I wish I could be as enthusiastic about the New York City Opera's new production of L'Heure Espagnole. Ravel's one-act opera describes the feverish period during which a Spanish clockmaker winds his city's clocks while his wife busily cranks the joysticks of several lovers. With numerous paramours banging down her door, Concepcion hides two steady suitors in her husband's finely-crafted chronometers while indulging herself in a lusty game of musical clocks. Or, shall we say, musical cocks.

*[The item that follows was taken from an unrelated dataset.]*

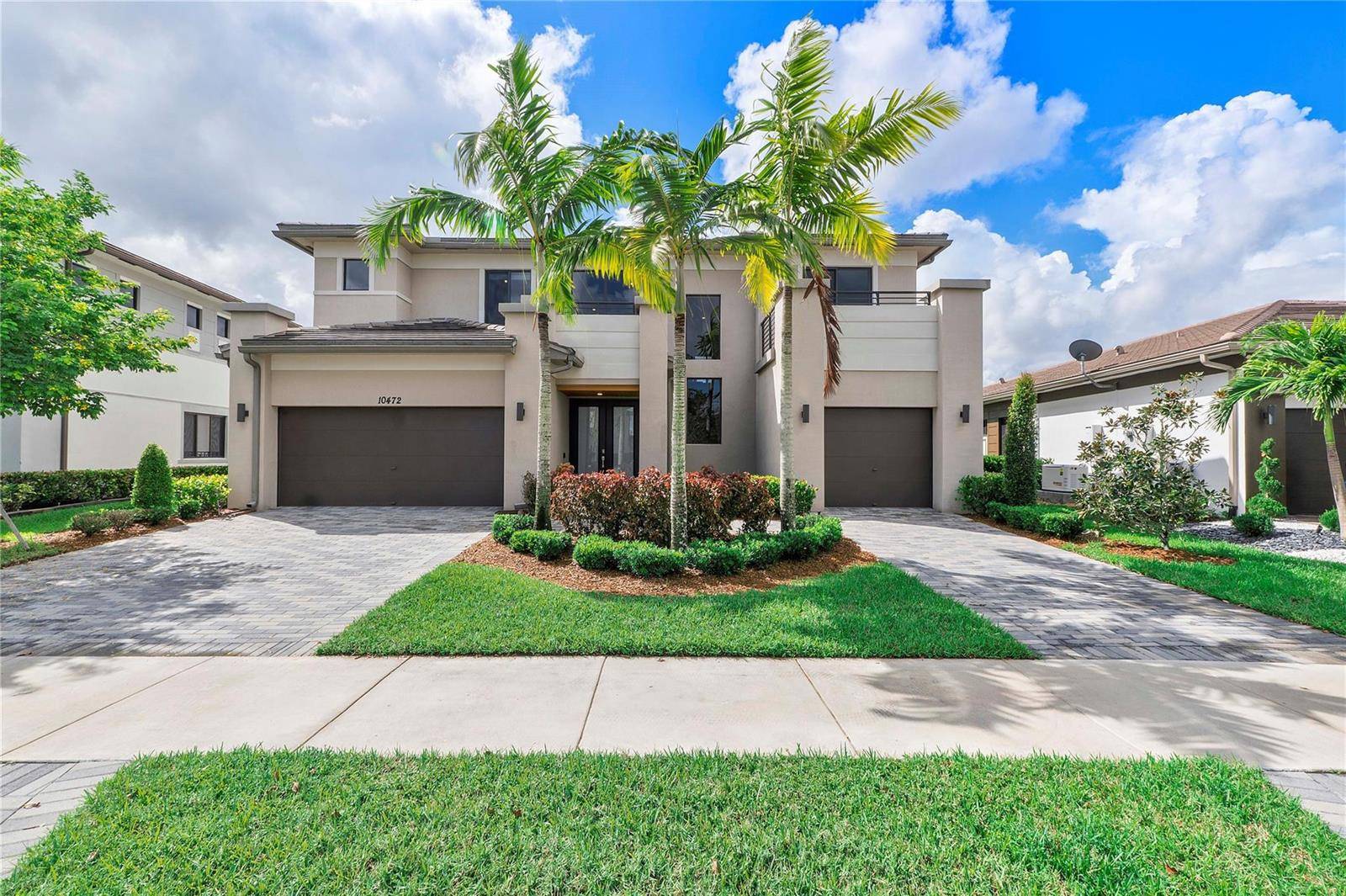 10472 CobaltParkland - picture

This version of L'Heure Espagnole was part of a double bill designed by Maurice Sendak and directed by Frank Corsaro that was co-produced by the New York City Opera and England's Glyndebourne Festival. Although the famous illustrator's delightful unit set drips with a wry and whimsical charm, the production, as a whole, is stupefyingly cheerless. As the curtain-raiser to L'Enfant et les Sortileges, Corsaro's staging of L'Heure Espagnole proved to be a major dud.

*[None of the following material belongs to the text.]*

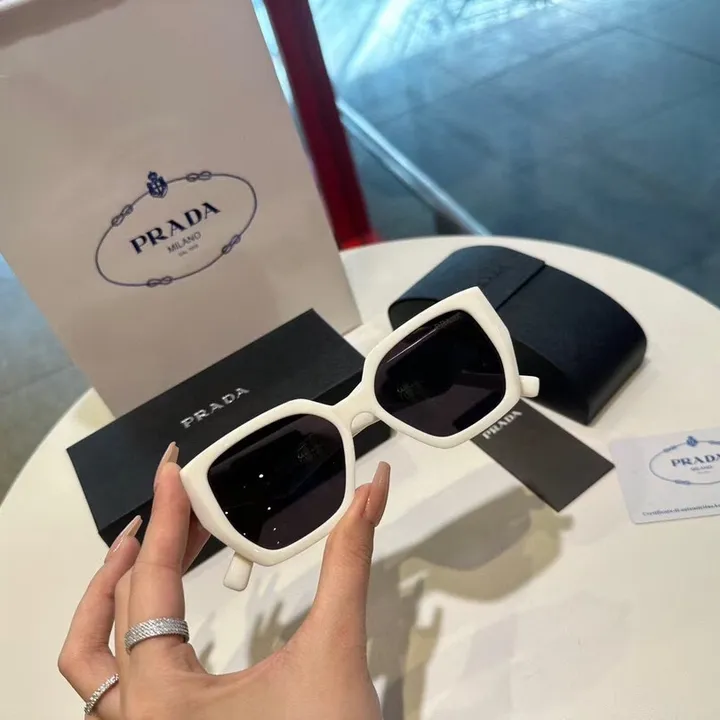 スーパーコピー プラダ サングラス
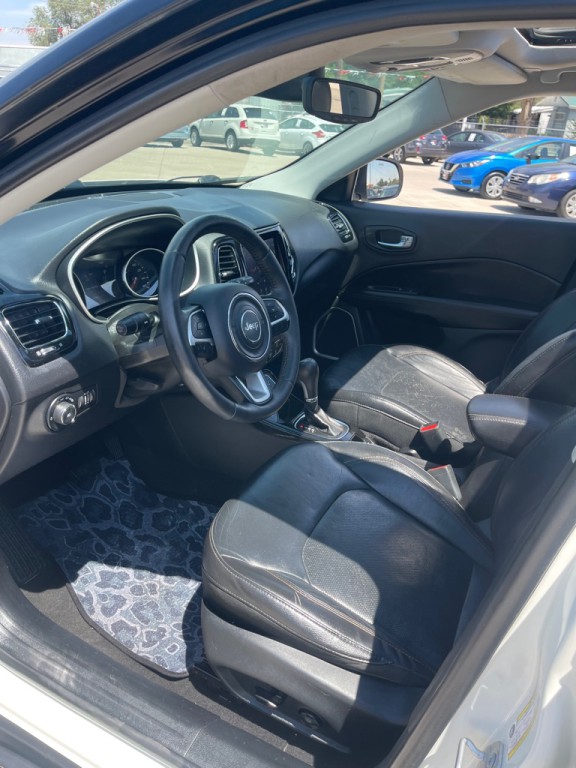 2018 Jeep Compass Image 9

Conductor Guido Ajmone-Marsan did his best to breathe life into a situation which was basically dead on arrival while Kathryn Gamberoni (Concepcion), Michael Rees Davis (Gonzalve), Jan Opalach (Don Inigo Gomez) and Jonathan Green (Torquemada) went through their paces with an admirable measure of professional resolve. I felt sorriest for baritone Robert Orth who, as the muleteer Ramiro, had to keep lifting and carrying grandfather clocks across the stage of the New York State Theater.

The quality of Frank Corsaro's work has been steadily deteriorating over the past five years. The overwhelming feeling I got from watching City Opera's production of L'Heure Espagnole was that Corsaro has been burned out for so long that it's time for him to retire.

Harsh words, to be sure. But a problem which impresarios can no longer afford to ignore.